Giliat-Smith said his company is working with major antivirus software companies to help their software recognize the copy-protection tools, and help guard against misuse by any malicious software writers.
A balancing act
The criticism over the protection technology highlights the delicate balance that record labels are trying to strike as they seek ways to guard their discs against copying.
Label executives have increasingly shifted their public piracy concerns from Internet file-swapping to the effect of widespread CD burning. The Recording Industry Association of America cites recent research from marketing specialist NPD Group showing that 29 percent of consumers' new music is acquired through ripping or burning a copy of CDs.
The CD copy protection tools now on the market do allow consumers to make copies of the music, both in the form of digital files on their computer and a limited number of backup CDs. Labels say they support both these activities, as long as they are for personal use.

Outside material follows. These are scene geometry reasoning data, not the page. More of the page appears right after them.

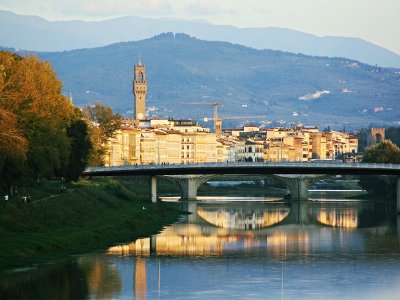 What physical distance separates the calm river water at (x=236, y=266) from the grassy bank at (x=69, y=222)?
49.7 inches

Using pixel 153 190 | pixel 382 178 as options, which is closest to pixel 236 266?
pixel 153 190

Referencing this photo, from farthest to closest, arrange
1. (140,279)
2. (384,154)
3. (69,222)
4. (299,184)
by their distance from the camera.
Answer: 1. (384,154)
2. (299,184)
3. (69,222)
4. (140,279)

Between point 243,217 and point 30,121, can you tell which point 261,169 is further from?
point 30,121

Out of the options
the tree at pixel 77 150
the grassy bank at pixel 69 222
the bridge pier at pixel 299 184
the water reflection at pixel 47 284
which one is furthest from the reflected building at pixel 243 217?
the water reflection at pixel 47 284

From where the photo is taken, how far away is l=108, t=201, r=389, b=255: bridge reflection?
67.7 metres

The files that can be ripped to computers from these discs can not be played on iPod MP3 players, however. The labels say that they have not yet been able to persuade Apple Computer to include this capability.
Several earlier versions of copy protection were widely mocked online for being trivially easy to circumvent, by using techniques that included holding the computer's "shift" key down while starting, and coloring the rim of a CD with a magic marker.
Later versions of the technology, such as that produced by First 4 Internet, have made it more difficult to disable while still allowing the discs to be played on most computers.
"Obviously there are a lot of people who don't like the technology, and we will take note if we need to," Gilliat-Smith said. "Our approach is to make the balance between protection and the consumer experience the best that we can make it for our customers."